→ **Exercise directions**: The listing below holds a line with "Built inside Hyperscaler" and a line with "Ethnic Hippie Feather Jersey Backed Fleece". Reproduce those two lines exactly, plus everything between them.

→ **Records to use**:
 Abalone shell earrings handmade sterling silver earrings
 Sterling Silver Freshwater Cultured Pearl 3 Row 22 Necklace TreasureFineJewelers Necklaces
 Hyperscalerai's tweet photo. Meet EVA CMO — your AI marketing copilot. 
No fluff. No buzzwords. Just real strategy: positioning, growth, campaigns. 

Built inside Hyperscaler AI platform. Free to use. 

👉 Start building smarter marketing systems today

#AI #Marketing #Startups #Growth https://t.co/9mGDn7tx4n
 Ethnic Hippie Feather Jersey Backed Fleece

--

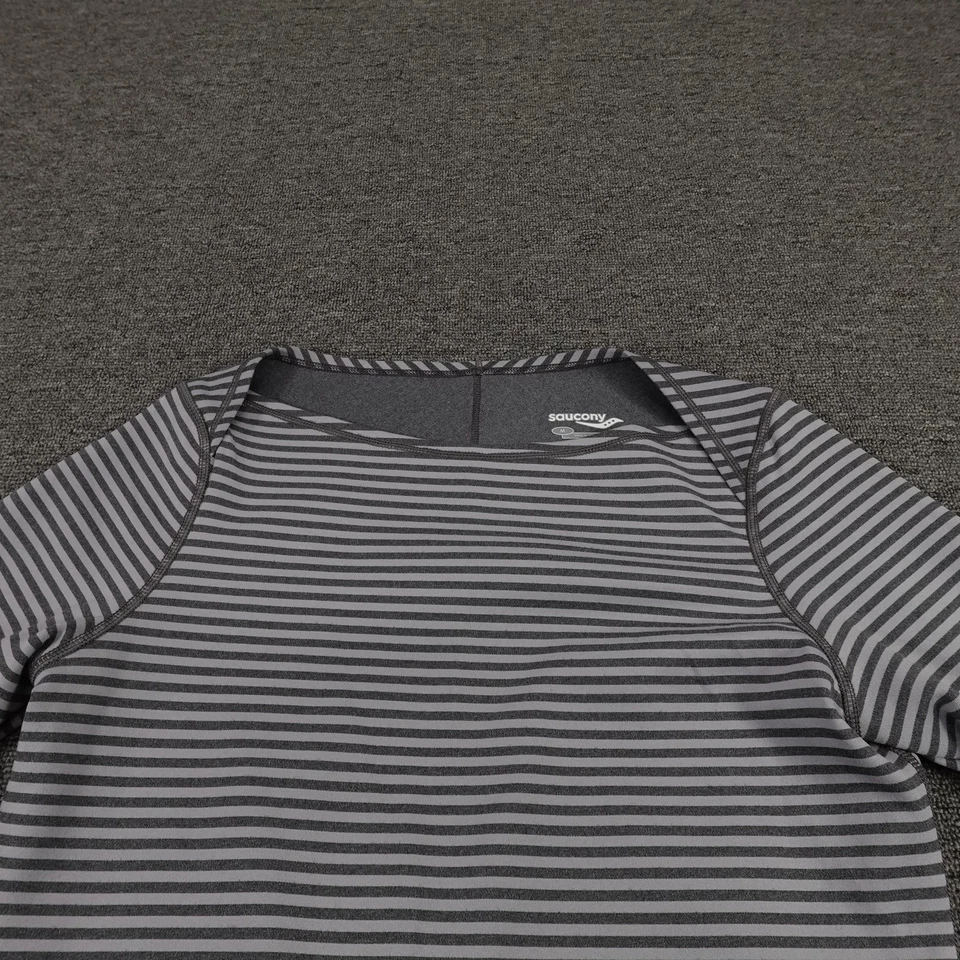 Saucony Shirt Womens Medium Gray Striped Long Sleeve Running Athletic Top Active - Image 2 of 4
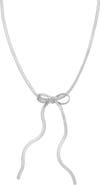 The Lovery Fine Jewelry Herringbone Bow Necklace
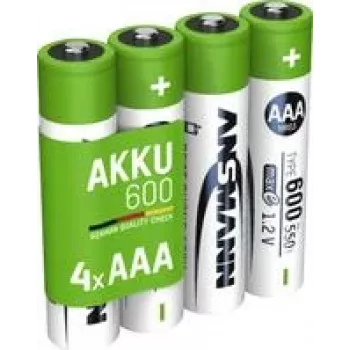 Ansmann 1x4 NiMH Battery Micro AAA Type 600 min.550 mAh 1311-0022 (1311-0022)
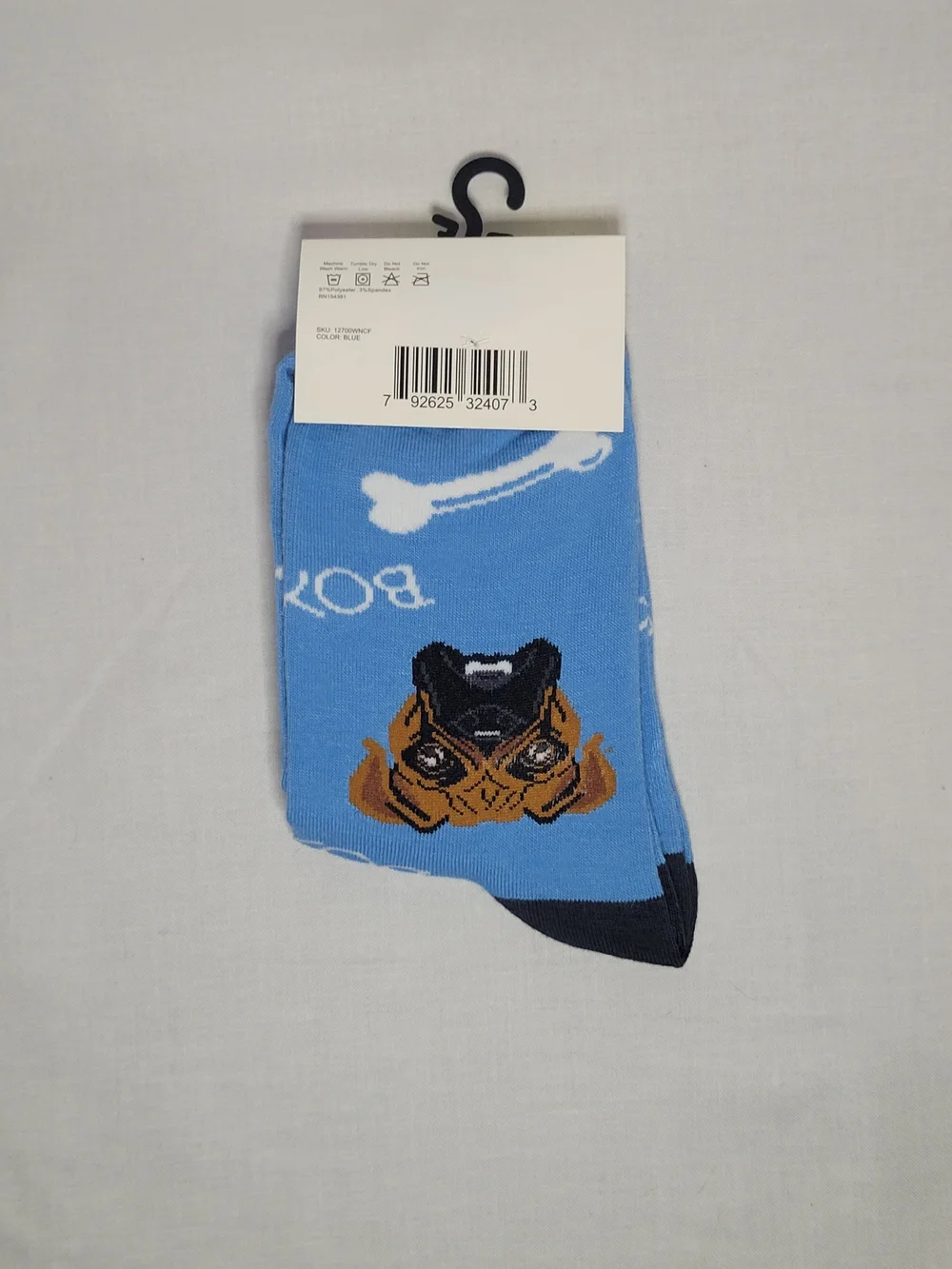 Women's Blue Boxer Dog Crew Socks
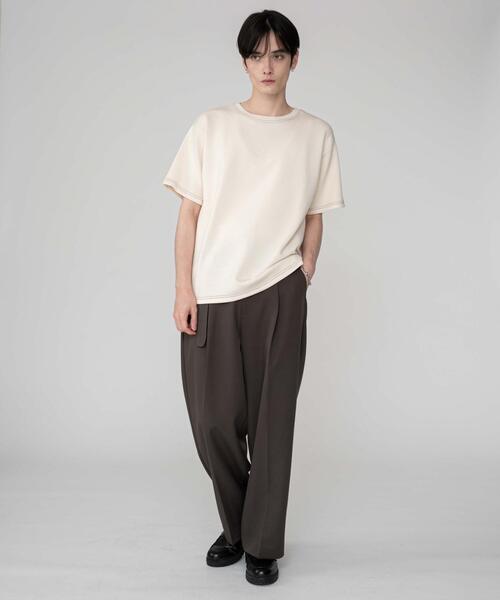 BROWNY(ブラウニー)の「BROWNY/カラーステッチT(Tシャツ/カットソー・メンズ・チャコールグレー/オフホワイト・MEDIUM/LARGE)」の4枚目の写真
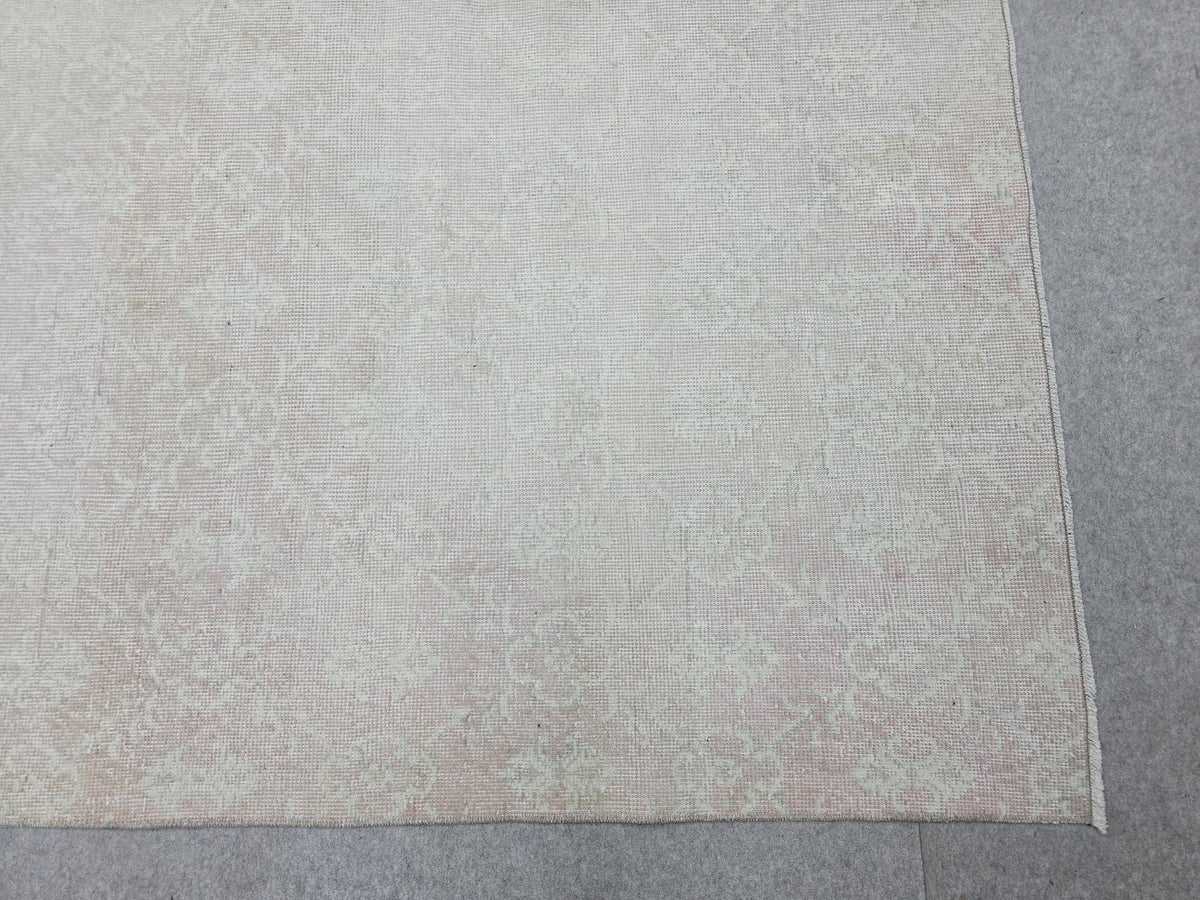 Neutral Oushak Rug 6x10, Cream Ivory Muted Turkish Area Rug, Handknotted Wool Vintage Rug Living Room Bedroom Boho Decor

→ **Solution for this exercise**:
Built inside Hyperscaler AI platform. Free to use. 

👉 Start building smarter marketing systems today

#AI #Marketing #Startups #Growth https://t.co/9mGDn7tx4n
 Ethnic Hippie Feather Jersey Backed Fleece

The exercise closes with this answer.